Der Europäische Gerichtshof (EuGH) muss entscheiden, ob Leistungen
einer Organgesellschaft an einen Organträger im Rahmen einer umsatzsteuerlichen
Organschaft wie bislang nicht umsatzsteuerbar sind oder aber entgegen der
bisherigen Praxis der Umsatzsteuer unterliegen.

Hintergrund: Eine
umsatzsteuerliche Organschaft liegt vor, wenn ein Unternehmen
(Organgesellschaft) organisatorisch, wirtschaftlich und finanziell in ein
anderes Unternehmen (Organträger) eingegliedert ist. Die Umsätze des
Organträgers und seiner Organgesellschaft werden dann zusammengefasst und nur
vom Organträger versteuert, der auch die Vorsteuer der Organgesellschaft
geltend macht. Die Organgesellschaft tritt gegenüber dem Finanzamt also nicht
auf.

Sachverhalt: Im Streitfall
bestand eine umsatzsteuerliche Organschaft zwischen dem Kläger, der Organträger
war und eine Universitätsklinik betrieb, und der U-GmbH, die Organgesellschaft
war. Die U-GmbH erbrachte im Jahr 2005 Reinigungsleistungen gegenüber dem
Kläger für ein Entgelt von ca. 75.000 €. Der Kläger war aber teilweise
hoheitlich tätig, soweit er nämlich im universitären Bereich tätig war. Das
Finanzamt unterwarf das Entgelt für die Reinigungsleistungen, soweit sie auf
den hoheitlichen Betrieb des Klägers entfielen, als umsatzsteuerbare
unentgeltliche Wertabgabe und setzte entsprechend Umsatzsteuer gegenüber dem
Kläger fest. Der BFH richtete ein erstes Vorabentscheidungsersuchen an den
EuGH, der eine unentgeltliche Wertabgabe aufgrund des vereinbarten Entgelts
ablehnte.

Entscheidung: Der BFH rief in
demselben Fall nun erneut den EuGH an:

  • Aus Sicht des BFH ist die Umsatzsteuerbarkeit von
    Innenumsätzen, d.h. von Leistungen unter den Unternehmen des Organkreises,
    unklar, nachdem der EuGH in seiner Entscheidung zum ersten
    Vorabentscheidungsersuchen eine selbständige Wirtschaftstätigkeit der U-GmbH
    und damit eine umsatzsteuerbare Reinigungsleistung für möglich gehalten hatte.

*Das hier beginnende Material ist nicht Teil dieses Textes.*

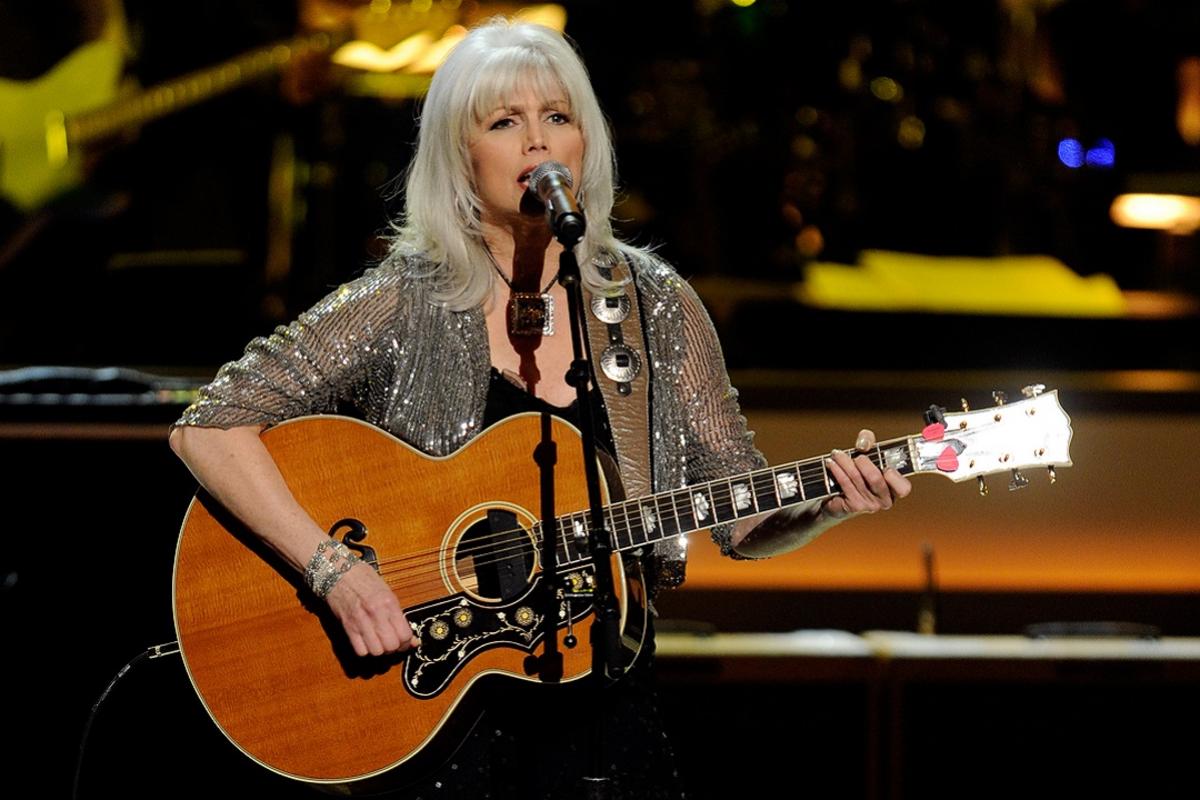 Emmylou Harris - Born To Run
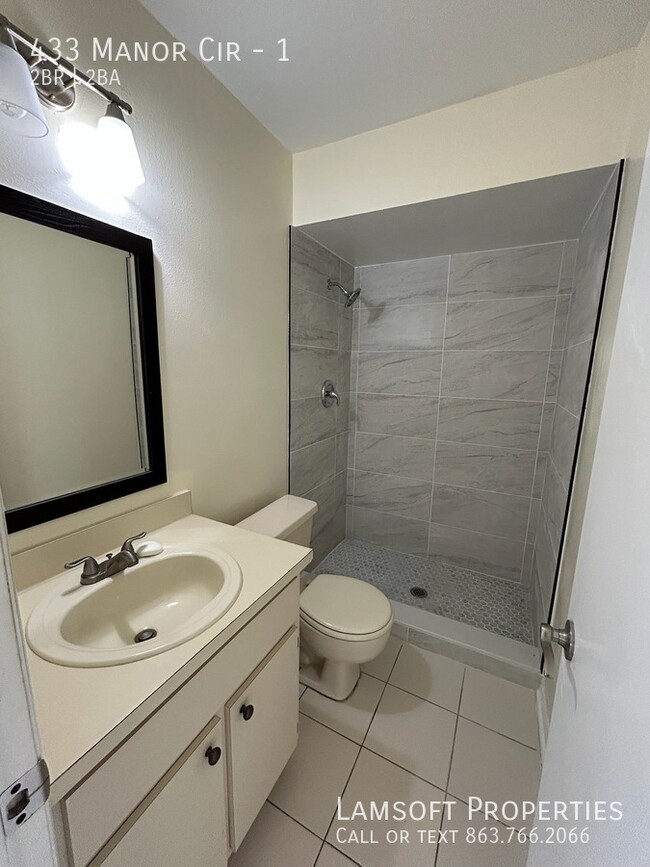 Building Photo - 433 Manor Cir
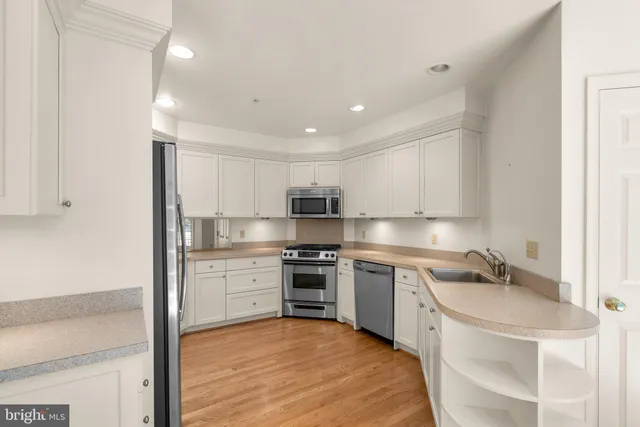 $4,000 | 11351 Morning Gate Drive, Rockville, MD 20852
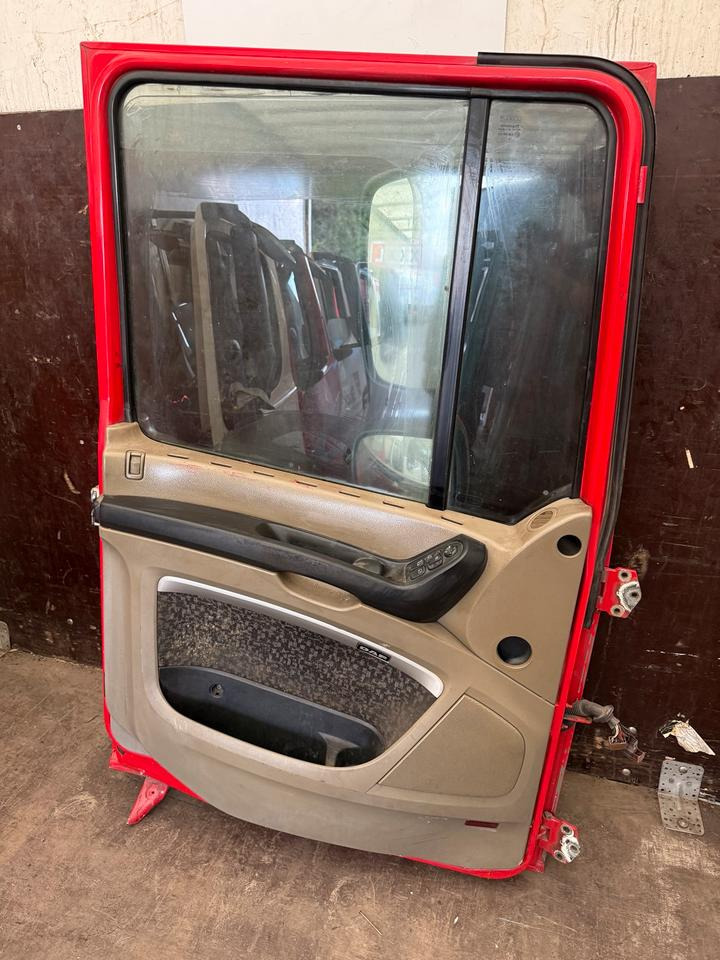 DAF XF 105,460 Fahrertür Rot Spiegel Innenverkleidung LN 47 - باب و قطع الغيار - شاحنة: صور 2 DAF XF 105,460 Fahrertür Rot Spiegel Innenverkleidung LN 47 - باب و قطع الغيار - شاحنة: صور 2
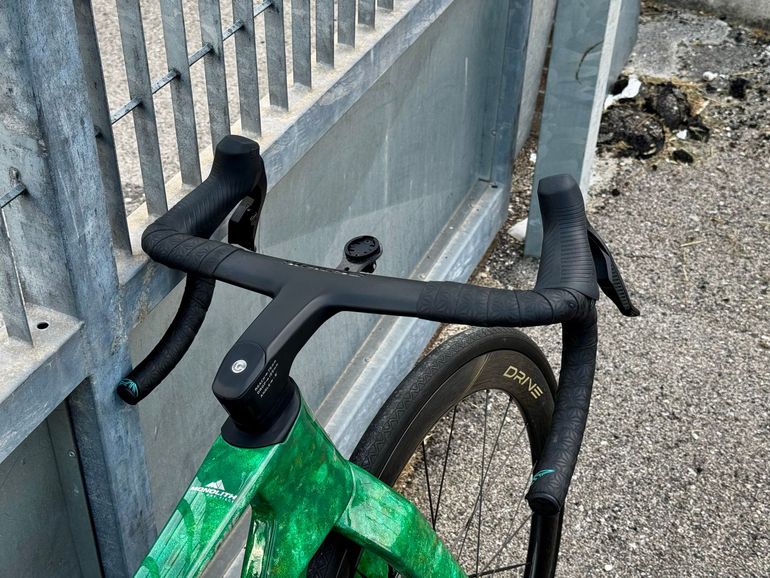 Použité Quickpro Custom SRAM Red eTap AXS 2026 Road & Gravel — obrázek 7 z 7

  • Zwar hat sich der EuGH in der Vergangenheit immer wieder mit
    der umsatzsteuerlichen Organschaft beschäftigt. Dabei war aber die Frage der
    Umsatzsteuerbarkeit der Innenumsätze nicht entscheidungserheblich.

  • Für die Antwort auf die Frage, ob die Innenumsätze
    umsatzsteuerbar sind, könnte es einerseits von Bedeutung sein, ob der Kläger
    als Organträger nicht oder nur teilweise zum Vorsteuerabzug berechtigt ist. In
    diesem Fall könnte die Gefahr eines Steuerverlustes bestehen, weil die von der
    U-GmbH in Rechnung zu stellende Umsatzsteuer vom Kläger nicht vollständig
    abgezogen werden könnte; dies würde gegen eine Umsatzsteuerbarkeit sprechen.
    Andererseits könnte aber auch relevant sein, ob die Organschaft missbräuchlich
    eingesetzt wird, um die Entstehung einer Umsatzsteuer, die beim Organträger
    nicht zum Vorsteuerabzug berechtigt, zu vermeiden.

Hinweise: Sollte der EuGH eine
Umsatzsteuerbarkeit der Innenumsätze bejahen, müsste der Kläger als Organträger
diese Umsatzsteuer abführen. Aufgrund seiner hoheitlichen Tätigkeit stünde dem
Kläger aber insoweit kein Vorsteuerabzug zu. Die bisherige Praxis, dass
Innenumsätze als nicht umsatzsteuerbar behandelt werden, wäre damit hinfällig.

Quelle: BFH, Beschluss v. 26.1.2023 – V R 20/22 (V R 40/19), Az.